*YOUR ASSIGNMENT*. Without the pictures, can you quote each line below exactly?

*COLLECTED DATA*.

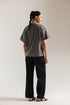 T-SHIRT (E3524/108/917)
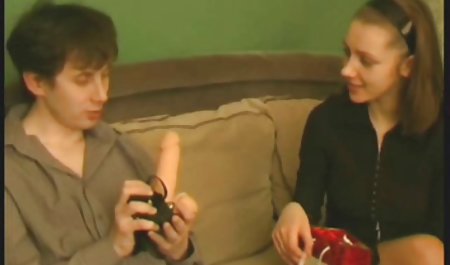 Sexuelle Chemie porno test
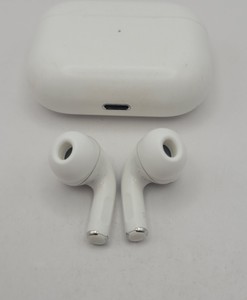 Б/в Навушники Apple airpods pro 01-200997913
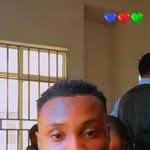 Rexford Johnson - @rexford.johnson.566 - Instagram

*OUTPUT OF THE EXERCISE*.
 T-SHIRT (E3524/108/917)
 Sexuelle Chemie porno test
 Б/в Навушники Apple airpods pro 01-200997913
 Rexford Johnson - @rexford.johnson.566 - Instagram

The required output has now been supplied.